Thetford gave the Mumfords the option to race later in the inclusion double sculls, which had all male entries, where they would be able to medal. ‘Linda and James opted to row in the mixed doubles to prove my steering system and prove that blind people can compete against others with vision,’ Bob said.
‘The disadvantage for Linda and James is they are hearing impaired. Linda can only hear James through a microphone that transmits to her cochlear implants and James can only hear me through a microphone attached to my collar. If anything, they have a real disadvantage of being blind, and any use of the rudder will technically slow them down. So where is the “unfair advantage” here?’ Bob asked.
‘It was very windy, and they got a bad start.
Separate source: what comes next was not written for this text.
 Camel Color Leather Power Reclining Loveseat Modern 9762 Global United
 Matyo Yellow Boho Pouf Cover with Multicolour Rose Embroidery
When it was time to start rowing, James thought he was hearing “don’t row”. They lost approximately 15 seconds at the start. This was a real disadvantage,’ Bob said with frustration in his voice.
Strangely enough, the top modern speaker system with a loudspeaker at every start ponton was not used for the Mumfords’ race.
‘If the race starting official had used the speaker system instead of one single megaphone, Linda and James would have heard the “sit ready” and “row” commands,’ Bob said. ‘These are all lessons we need to pay close attention to – because while we take these senses for granted, Linda and James can’t do that.’
For an event which would like to see itself as, ‘one of the premier regattas to kick off the outdoor sprint racing season and is designated as a U.S. Rowing Nationally Designated Regatta’, the snafu with the speaker system and Regatta Director Norm Thetford’s unexpected U-turn regarding the use of Bob’s remote device for the Mumfords’ race would call that claim into question.
On top of that, the regatta organising club, Sarasota County RC, a masters-only rowing club located at Blackburn Point in Osprey, Florida, is also home to the Sarasota Adaptive Rowing Program (SARP), which mission, according to the programme’s website, ‘is to provide disabled veterans and other disabled athletes with year ‘round opportunities to build physical fitness, self-esteem and community connections through rowing’.
Furthermore, one of SARP’s two primary strategic goals is to ‘provide disabled athletes with the opportunity to learn, practice and compete in the sport of rowing in a safe, supportive and accessible environment with professional coaching and appropriate equipment and facilities.’
The only way to see how SIR acted in the case of Linda and James Mumford is that the regatta miserably failed to support these two blind and deaf master rowers in their endevour to race on equal terms against fellow able-bodied rowers. SIR Director Norm Thetford showed both lack of good judgment and tact. What a shame.